Resilient infrastructure planning and supply chain of critical resources
The proliferation of extreme weather events, geopolitical disturbances, and other supply chain disruptions motivates the need to enhance the security and resilience of critical food, energy, and public health infrastructures. Designing a resilience metric requires accurate system models that account for various high-impact rare disruptions and multiple economic and societal objectives, including operating cost, carbon footprint, recovery time, and fraction of unserved customers. However, existing methodologies do not simultaneously consider multiple objectives and extreme events, and they are inaccurate in anticipating disruptions. In this project, we bridge these gaps by (a) modeling the resilience of a supply chain or critical infrastructure using distributionally robust multi-objective, multi-stage stochastic optimization, (b) designing scalable algorithms for approximating the efficient frontier of resilience versus system cost, and (c) using machine learning to model and anticipate the onset of disruptive events based on joint observations of uncertain parameters and covariates. Specifically, the project investigates infrastructure planning and supply chain optimization for agrochemical raw materials, critical minerals, and vaccine distribution and delivery.
AI-enhanced fault detection and diagnosis for online monitoring and control of manufacturing processes (NSF TI: 2331080, OCAST: AR24-069)

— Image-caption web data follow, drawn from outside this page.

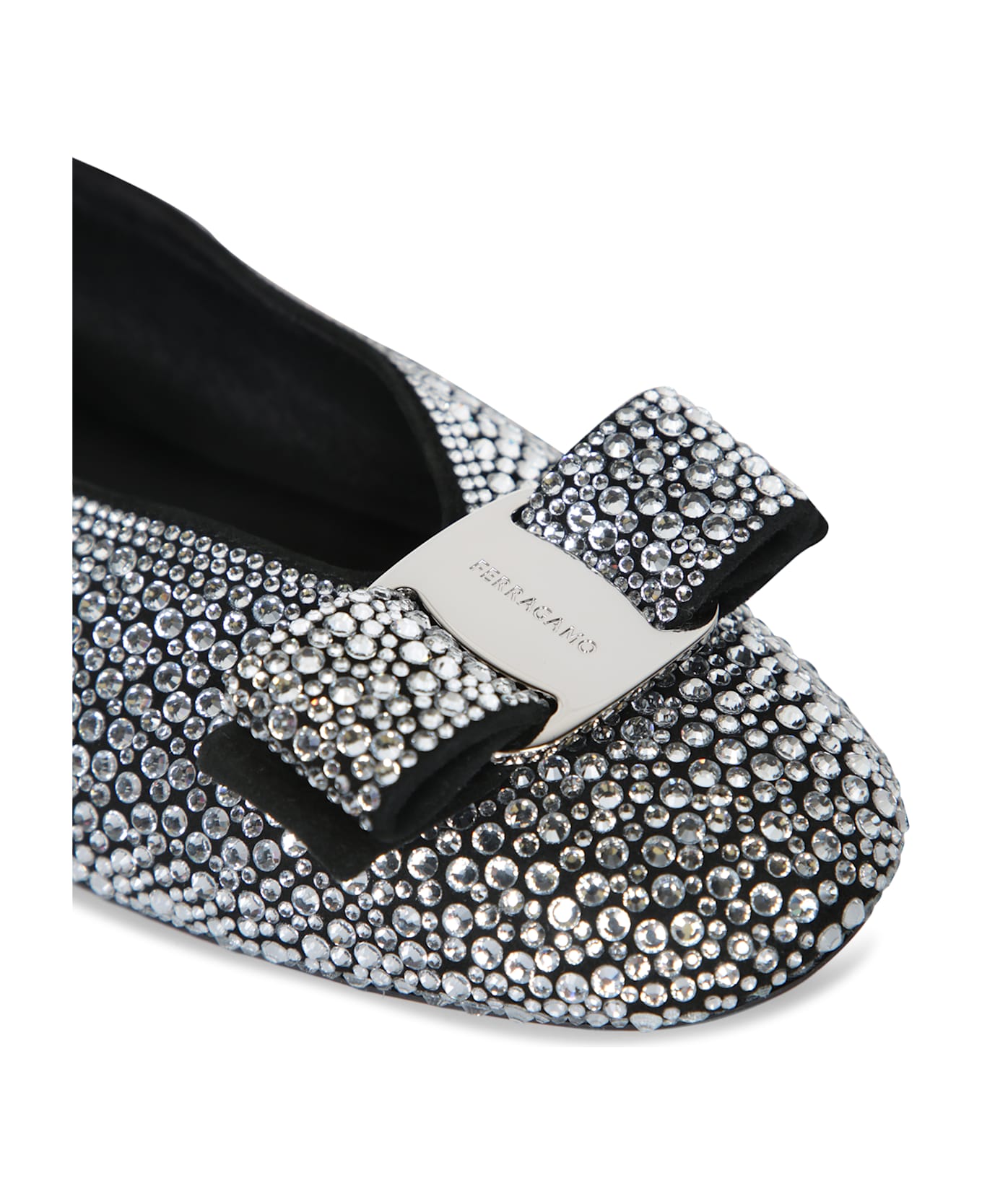 Ferragamo New Vara Suede Crystals Black Ballerina - Black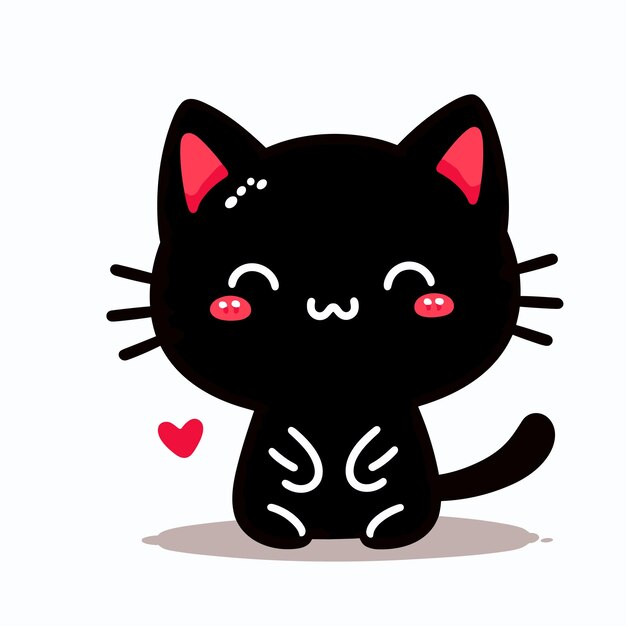 ベクトル 可愛いカワイ猫のアニメベクトル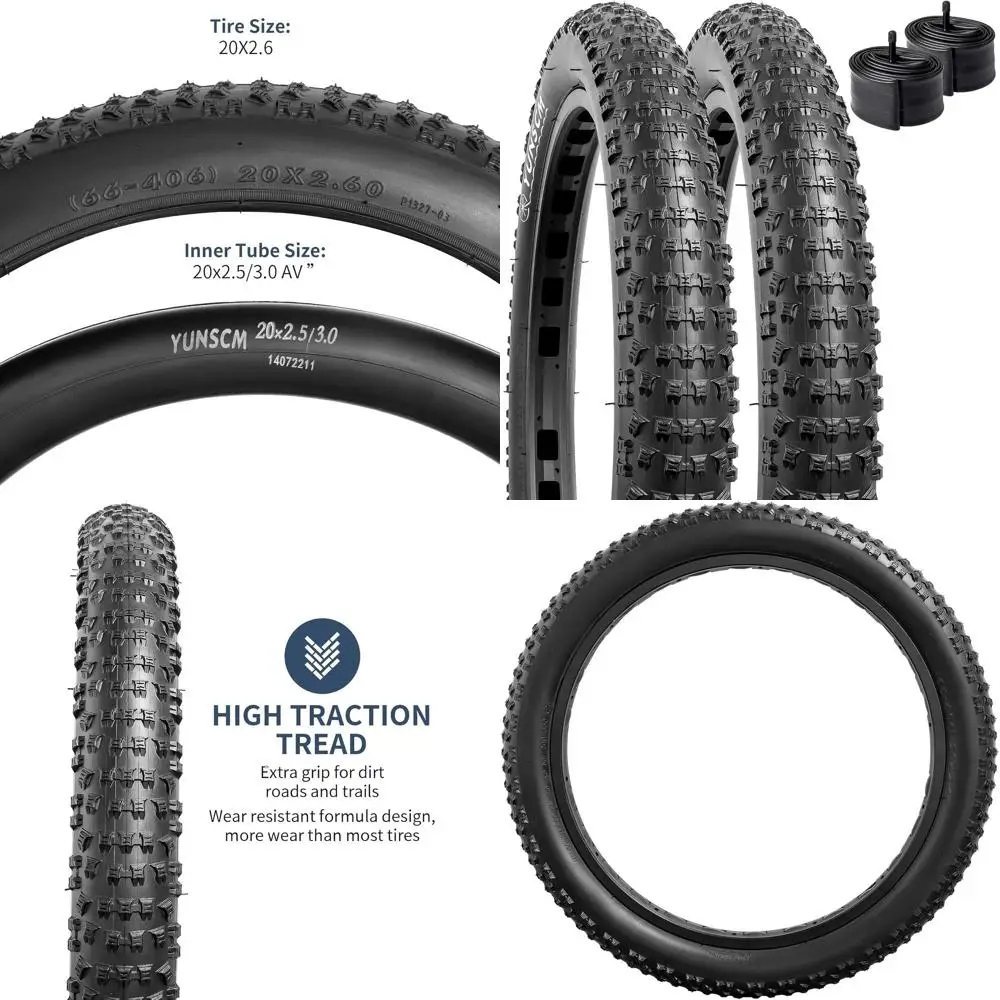

Шины для горного велосипеда 20 дюймов, 20x2,60/66-406 и 20-дюймовые велосипедные камеры для тяжелых условий эксплуатации, клапан Шредера, совместимые с внедорожным велосипедом 20 x 2,5 20 x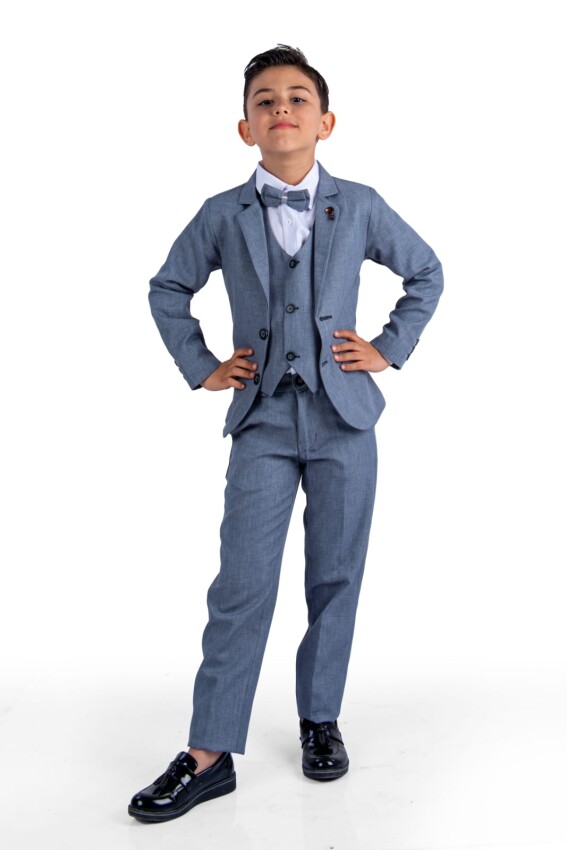Wholesale Boys Suit Set Jacket Vest Pants Shirts and Bowtie 2-5Y Terry 1036-2821 - 1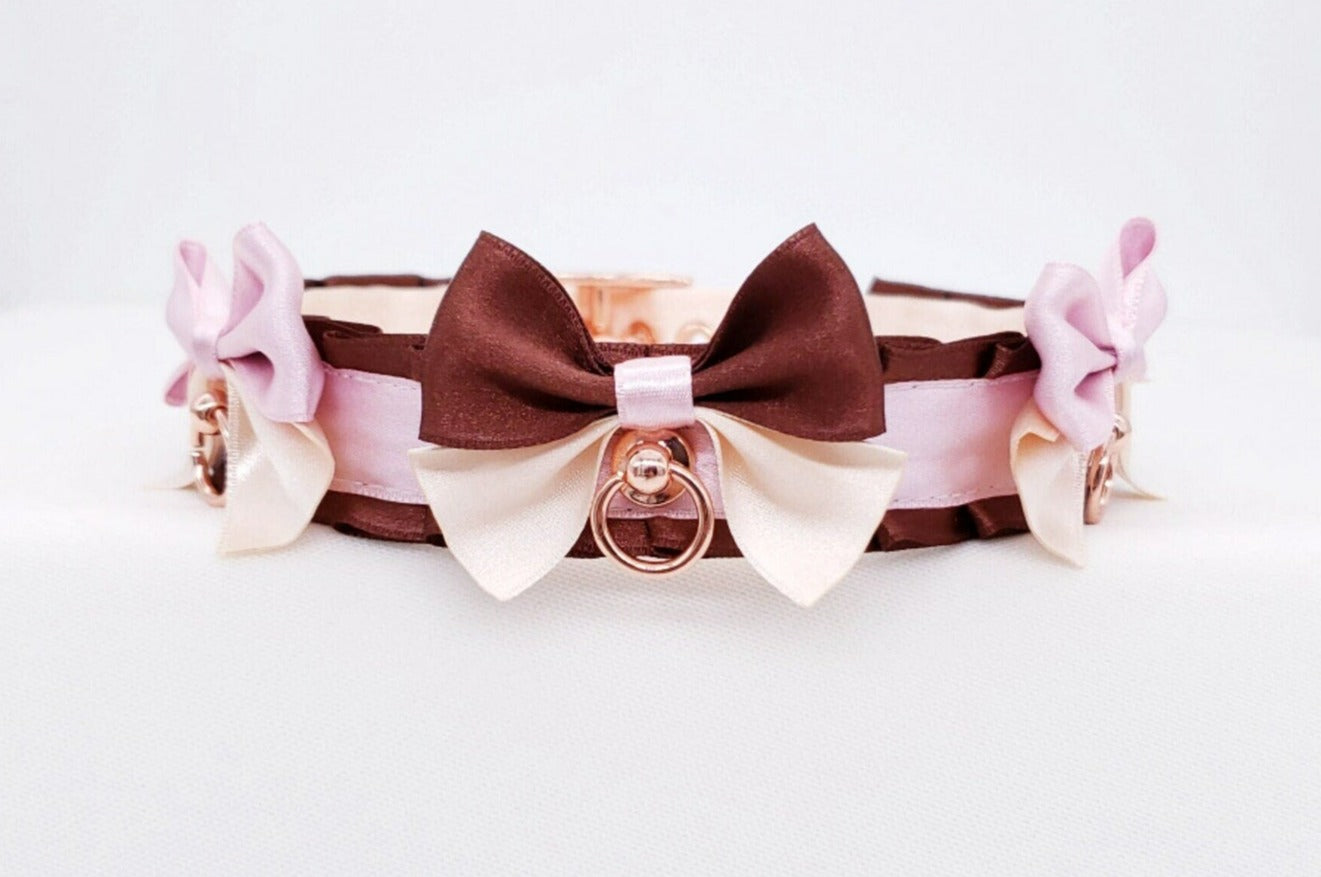 Neapolitan - Chocolate, Pink, Cream Pet Play Collar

Process monitoring is critical in modern manufacturing to ensure process safety, maintain product quality, and improve process efficiency and operability. However, existing techniques for distillation monitoring are inadequate because (a) fault scenarios in distillation systems are complex, (b) sensors continuously produce massive arrays of big data streams that are often nonparametric and heterogeneous, and (c) there is an intrinsic trade-off between fault detection time and diagnostic accuracy. To address these challenges, in this project, we propose a novel online monitoring paradigm named “FARM” for fast, accurate, and robust online fault detection and diagnosis that outperforms state-of-the-art algorithms. FARM is a holistic monitoring paradigm that introduces and integrates (a) multivariate statistical process control for fast anomaly detection of nonparametric, heterogeneous data streams, (b) continuous-time reservoir computing network for accuate and robust fault diagnosis of irregular time series, and (c) soft sensing with minimal redundancy for extracting useful process knowledge from first principles (e.g., mass and energy balances). FARM’s unique hierarchical architecture successfully bypasses the intrinsic trade-off between fault detection speed and accuracy that is present in existing process monitoring algorithms, while maintaining any user-specified false alarm rate.